学校の友だち-静の”清楚系メイク”にしっくりきていない翔は、メイクを仕事にしたら自分がどう考えているのかを出したらダメなのかと悩み…。
就職に悩む娘・萌は友だちに「大学生活マンガに捧げました」とは言えないと言われ、マンガを描くことを仕事にしたらと想像すると不安になり…。
”推し活”のために頑張ろうとする妻はパート先のお弁当屋さんが閉店するかもしれないと言われ、”推し”のRANDOMと離れてもやっていけるかどうかと悩み…。
誠のナレーションがちょっぴり切なかったです。
会社の先輩・古池さんの言葉も心に響きました。自分を雑に扱ってしまっているかもしれない自分を反省しました。
翔は勇気を出して、自分の思うように静のメイクをさせてもらいました。「人に好きになってもらうのに自分の″根っこ″まで変えなければいけないの?」と。
萌はいつも”引き際”を探しているのに、やっぱりやめられないと好きなマンガの道を邁進することを決めました。
パート先のお弁当屋さんの「お弁当コンテスト」に参加して、いい成績を残せたら正社員に応募しようと決めた妻。
みんな自分の”好き”を貫くために、前向きに突き進むことを決めた沖田家。おせっかいながら大地と円のために、沖田家全員ひと肌脱ぎました。
堀内さんの前で女の子の服を着ていることを明かす翔、マンガ好きを明かす萌、”推し”の存在を明かす妻。

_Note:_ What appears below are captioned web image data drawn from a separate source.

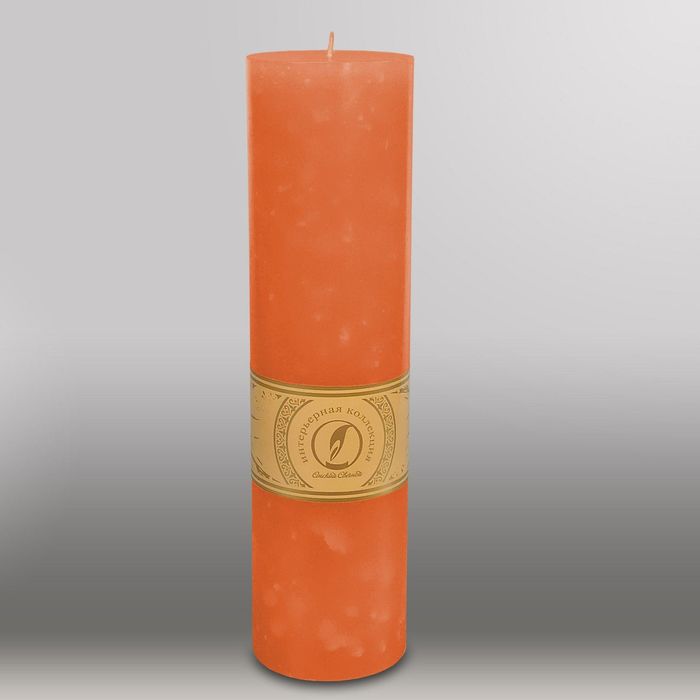 Свеча цилиндр "Мрамор", 80x305мм,  облепиховый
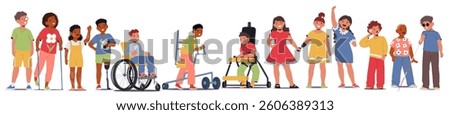 Group of diverse inclusive children cartoon characters with different mental, physical disabilities vector illustration. Little girls boys with blindness, amputated limbs, vitiligo, bionic prosthesis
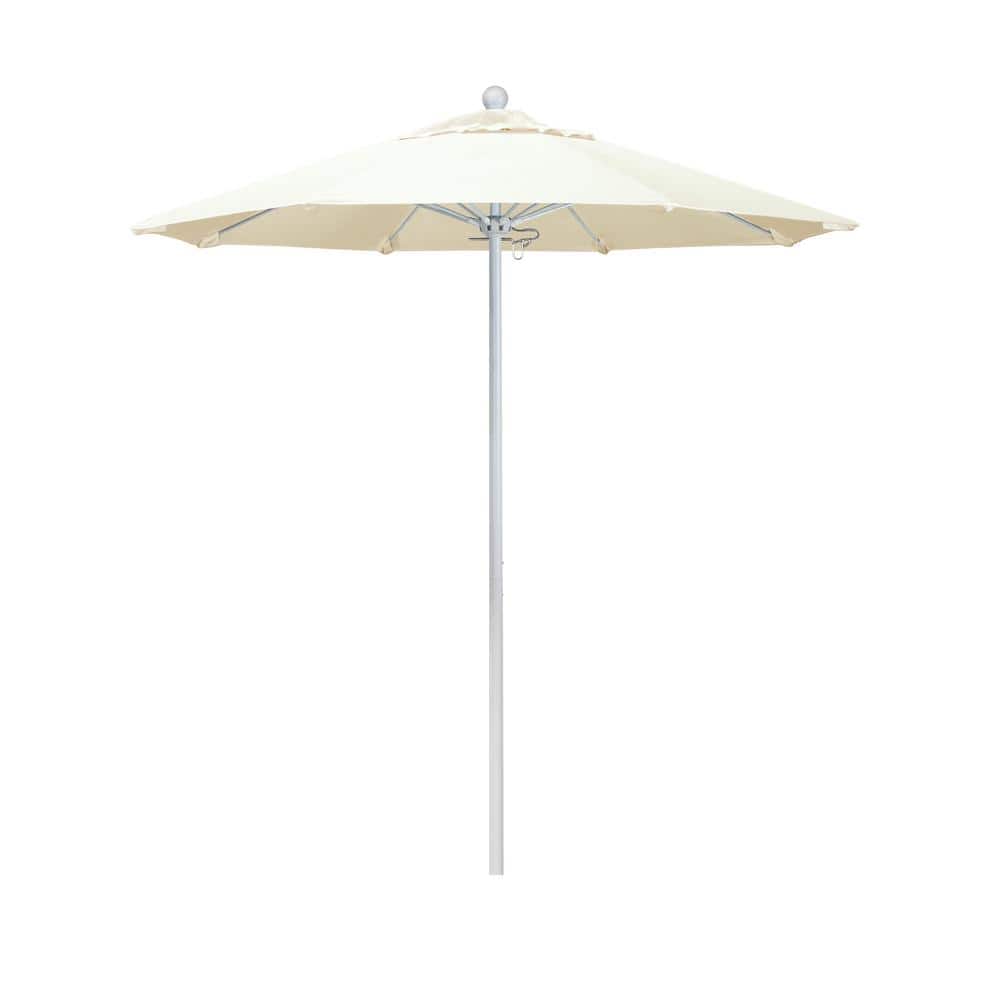 7.5 ft. White Aluminum Commercial Market Patio Umbrella with Fiberglass Ribs and Push Lift in Canvas Sunbrella price history on PriceWatchPro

沖田家のおせっかいで、自分の本当の気持ちに改めて気づいた大地。
ラストの大地と円の結婚式。もちろん今の日本では正式に認められてはいない同性婚。それでも、二人を応援する沖田家、大地の母・美穂子と写真に収まる大地と円の満面の笑顔が、自分らしく”好き”を貫いた喜びに満ち溢れていてジーンときました。
こだわりや固執を捨ててみれば、きっと違う世界が見えてくる…。そして自分の”好き”を貫くことは、自分らしく生きるために大切なこと…。
もちろんこれは理想論であって、万人がこうして生きていけるわけではないと分かっています。それでも”好き”をあきらめないことは素晴らしい!と、改めて感じさせてもらえたドラマ『おっさんのパンツがなんだっていいじゃないか!』は、私にとって人生を幸せに生き抜くための教訓がたくさん詰まったバイブルになりました。
「誠のアップデートはまだまだ続く」
必要なら自分自身を”アップデート”して、より幸せに生きるための道を模索して生きていきたいと、今はそんな風に感じています。
長い文章最後まで読んでくださり、ありがとうございました。